## [Stored entries]
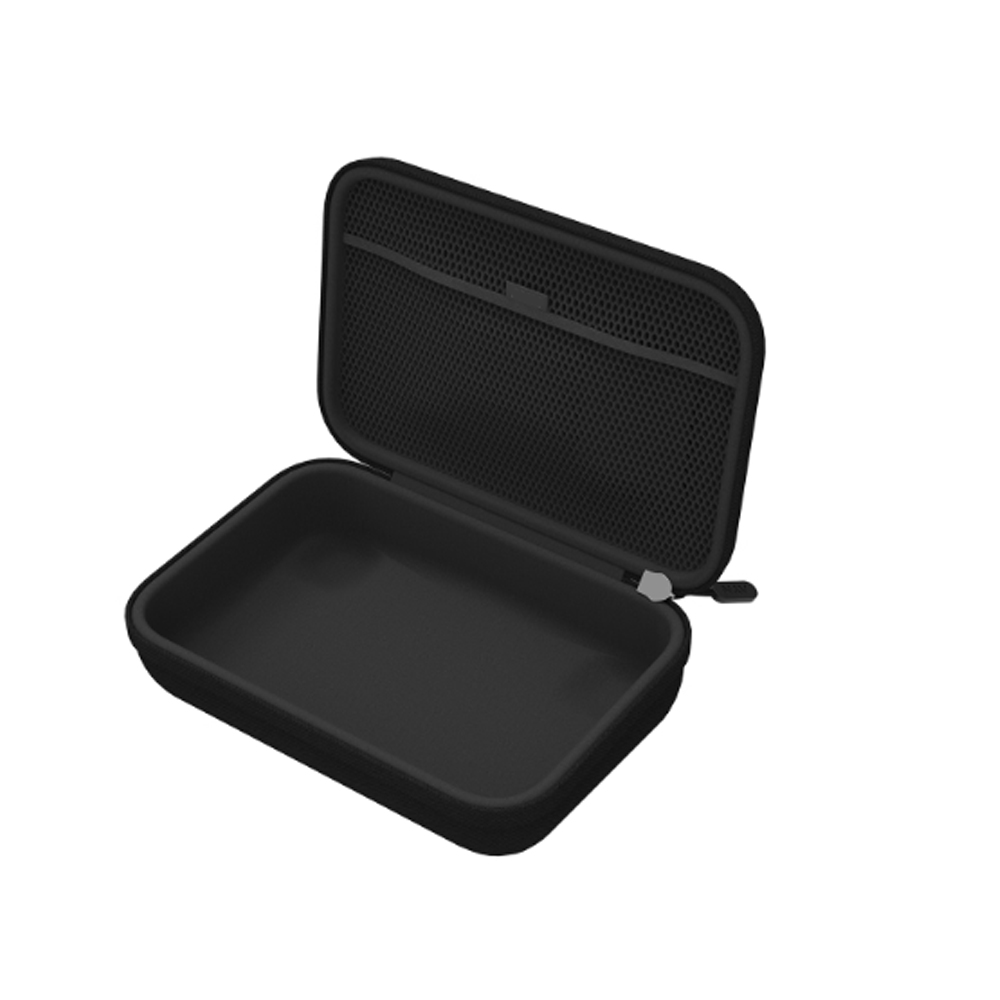 Estuche rígido Csrrying para A - Handheld Game Console Case Travel reseña y precio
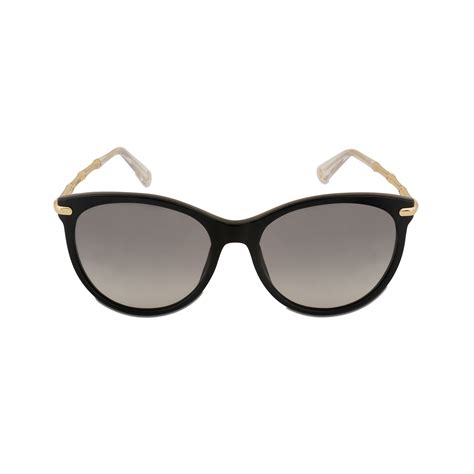 gucci 3771 sunglasses|Gucci sunglasses nordstrom.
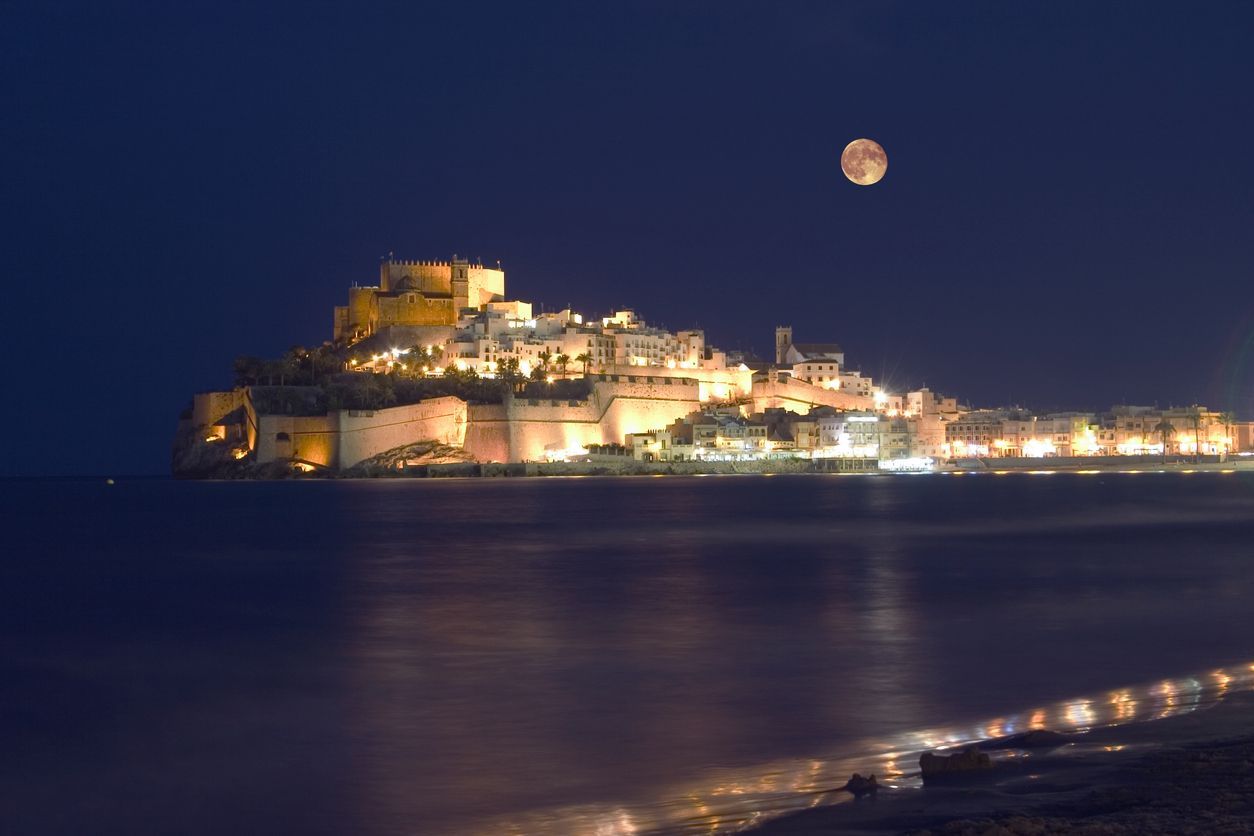 nochevieja_en_peiscola-1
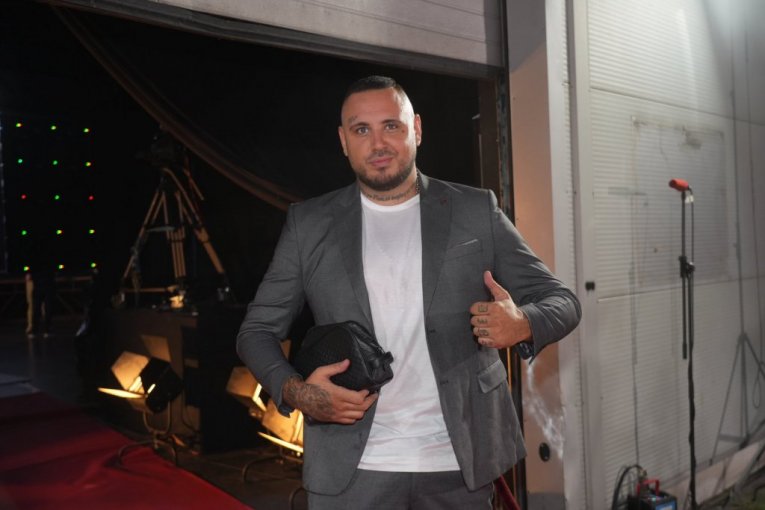 Filip Car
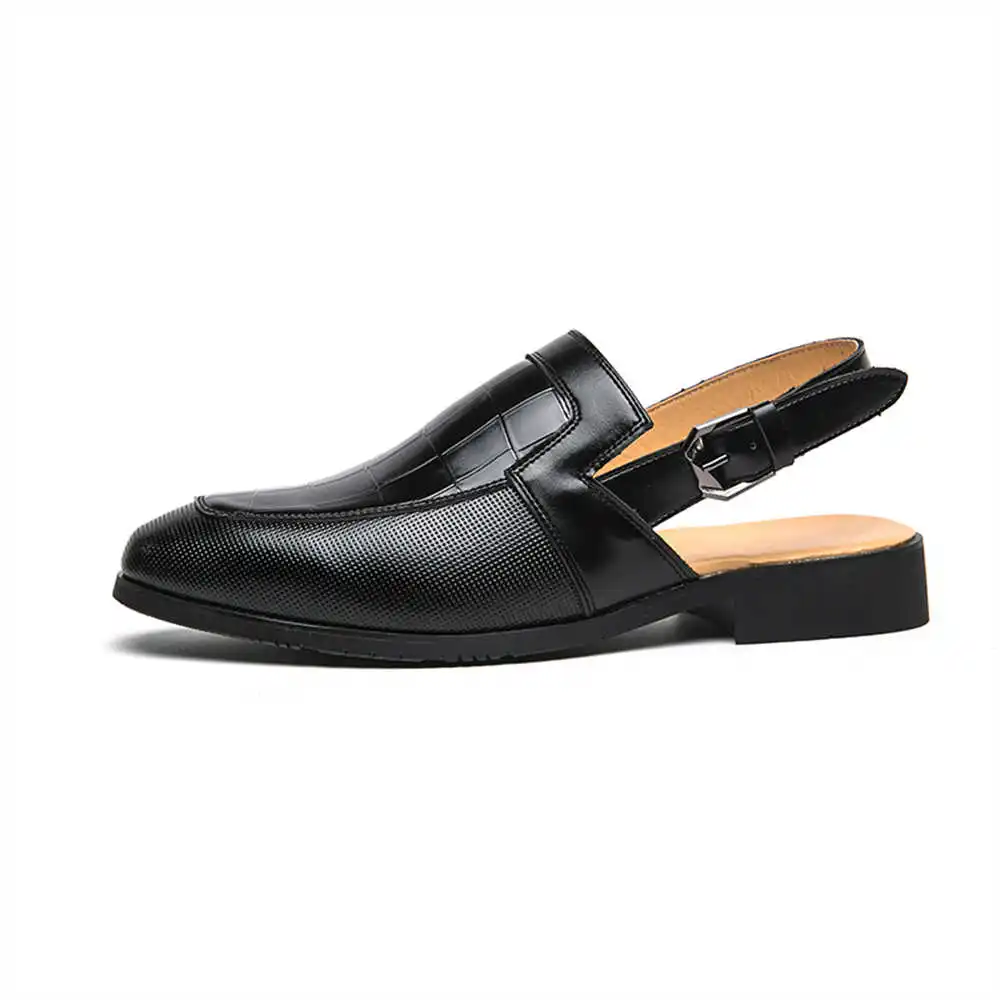 

Мужские шлепанцы Boat 39-44, сандалии морского бежевого цвета, уличная обувь, мужские кроссовки, спортивная коллекция, кроссовки для бега, комфортные тапочки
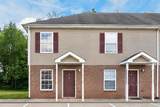792 Cherrybark Ln - Photo 30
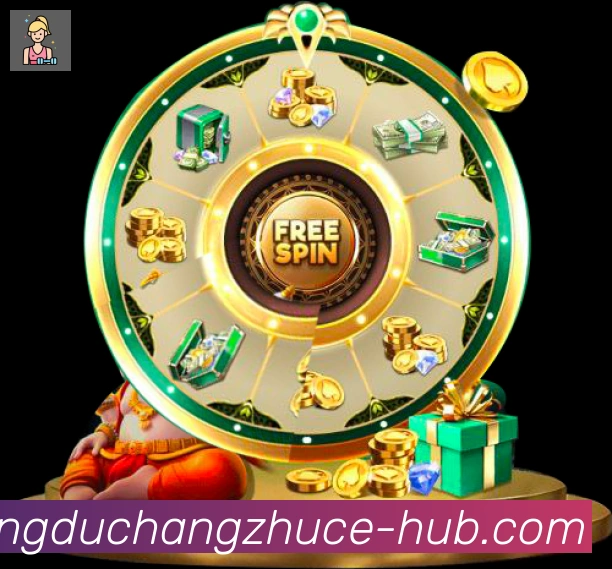 扫码下载 App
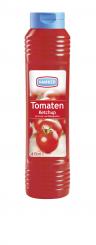 HAMKER Tomaten Ketchup 875 ml 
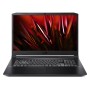 Acer Nitro 5 AN517-41-R9VT 5800H Computer portatile 43,9 cm (17.3") Full HD AMD Ryzen™ 7 16 GB DDR4-SDRAM 512 G (NH.QAREV.012)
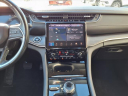 2021 Jeep Grand Cherokee L Limited at Gilberts Of Sand Creek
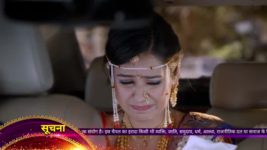 Agnisakshi Ek Samjhauta S01 E26 4th March 2023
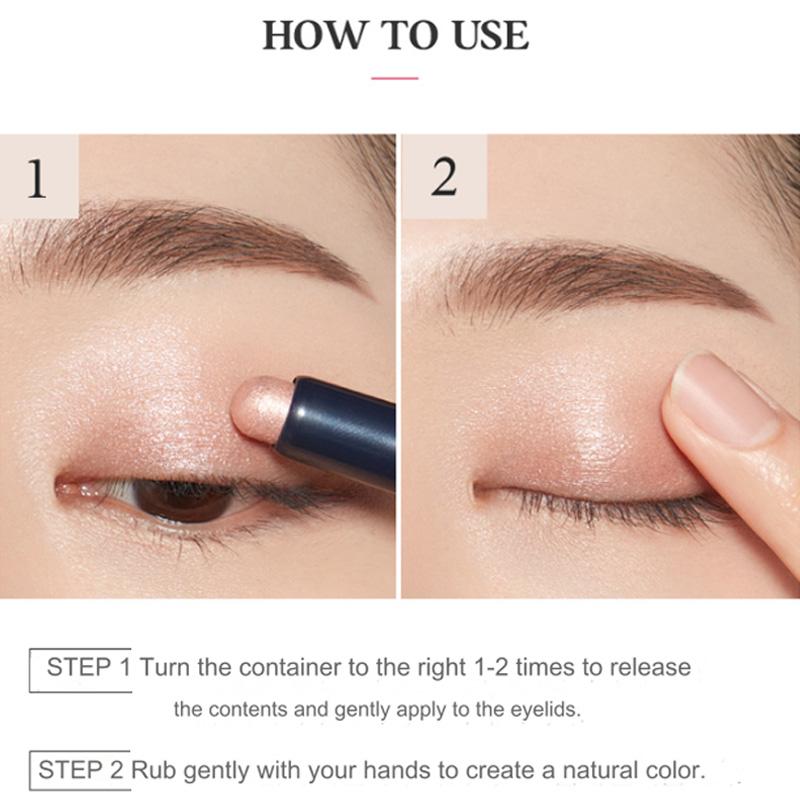 ETUDE HOUSE Bling Bling Eye Stick 1,4 г (6 вариантов)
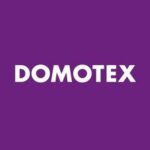Domotex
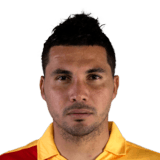 FIFA 15 Antonio Olvera 64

## [Task prompt]
Repeat the data exactly as written, but without the pictures.

## [Response to this exercise]
 Estuche rígido Csrrying para A - Handheld Game Console Case Travel reseña y precio
 gucci 3771 sunglasses|Gucci sunglasses nordstrom.
 nochevieja_en_peiscola-1
 Filip Car

Мужские шлепанцы Boat 39-44, сандалии морского бежевого цвета, уличная обувь, мужские кроссовки, спортивная коллекция, кроссовки для бега, комфортные тапочки
792 Cherrybark Ln - Photo 30
 扫码下载 App
 HAMKER Tomaten Ketchup 875 ml 
 Acer Nitro 5 AN517-41-R9VT 5800H Computer portatile 43,9 cm (17.3") Full HD AMD Ryzen™ 7 16 GB DDR4-SDRAM 512 G (NH.QAREV.012)
 2021 Jeep Grand Cherokee L Limited at Gilberts Of Sand Creek
 Agnisakshi Ek Samjhauta S01 E26 4th March 2023
 ETUDE HOUSE Bling Bling Eye Stick 1,4 г (6 вариантов)
Domotex
 FIFA 15 Antonio Olvera 64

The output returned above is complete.